■ EXERCISE DETAILS
Every line below that holds the string "Stacy" should be copied.

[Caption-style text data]
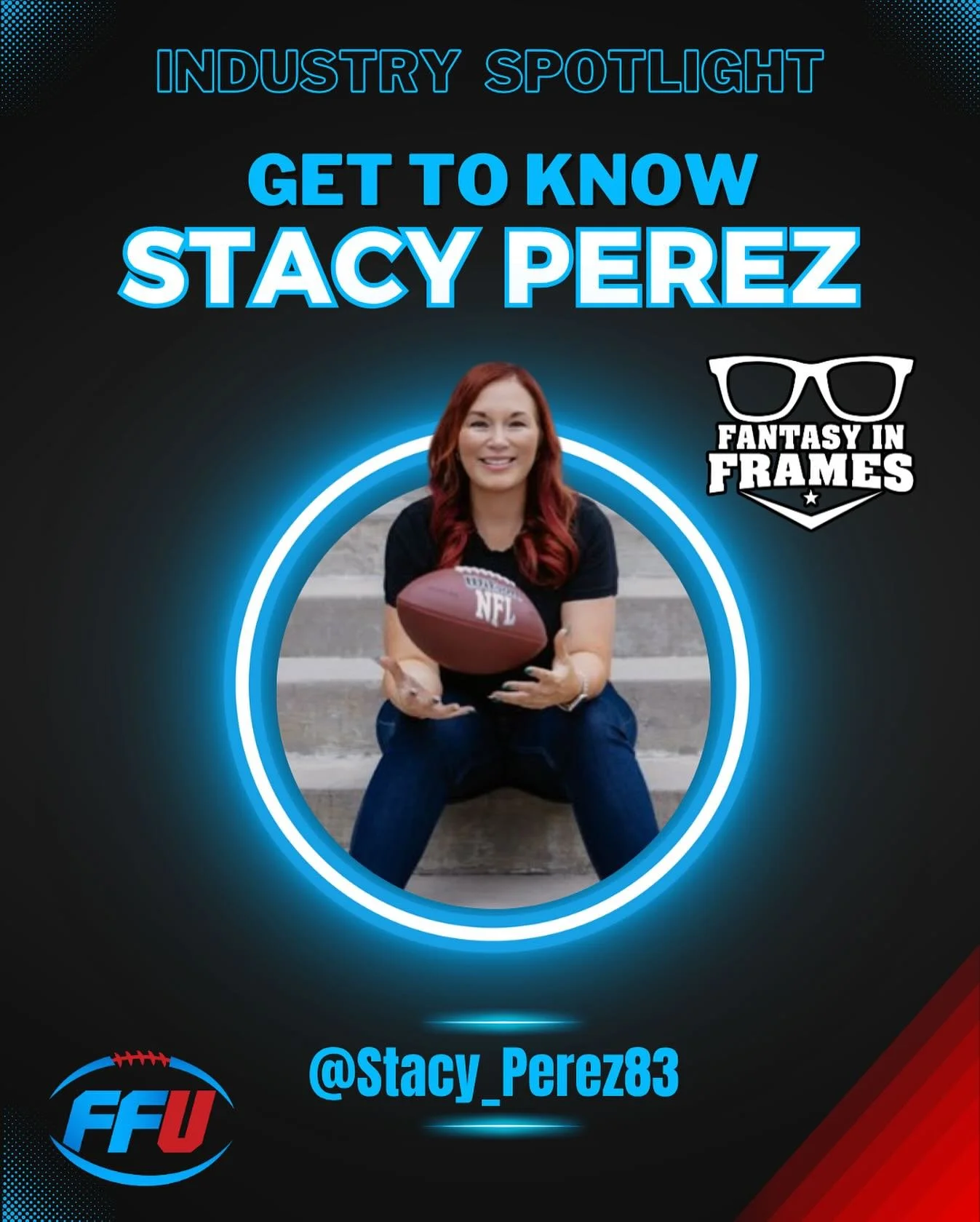 ποΈ NEW EPISODE ALERT! ππ₯
In this episode of the @fantasyfootballunlimited Podcast, @drkjmurray sits down with the incredibly dynamic Stacy Perez from FANTASY IN FRAMES!
Stacy (@stacy_perez83) shares how she discovered the #FantasyFootball commun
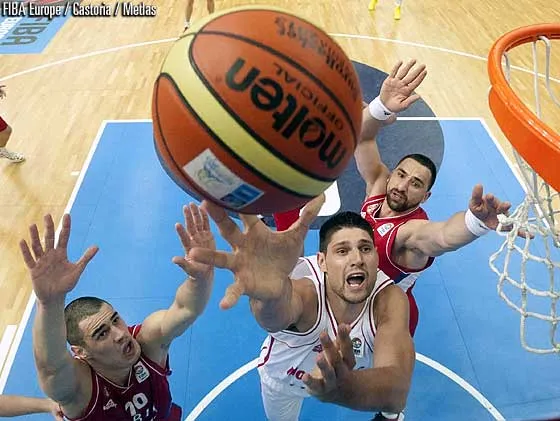 Qual. Coupe du monde : Le Monténégro avec Nikola Vucevic contre la France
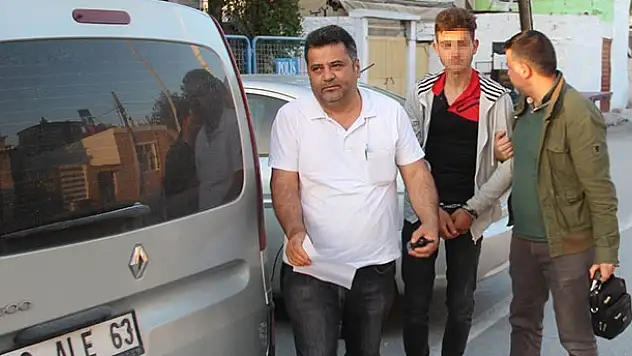 Konya'da hırsızlık zanlısı baskınla yakalandı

■ THE ANSWER
In this episode of the @fantasyfootballunlimited Podcast, @drkjmurray sits down with the incredibly dynamic Stacy Perez from FANTASY IN FRAMES!
Stacy (@stacy_perez83) shares how she discovered the #FantasyFootball commun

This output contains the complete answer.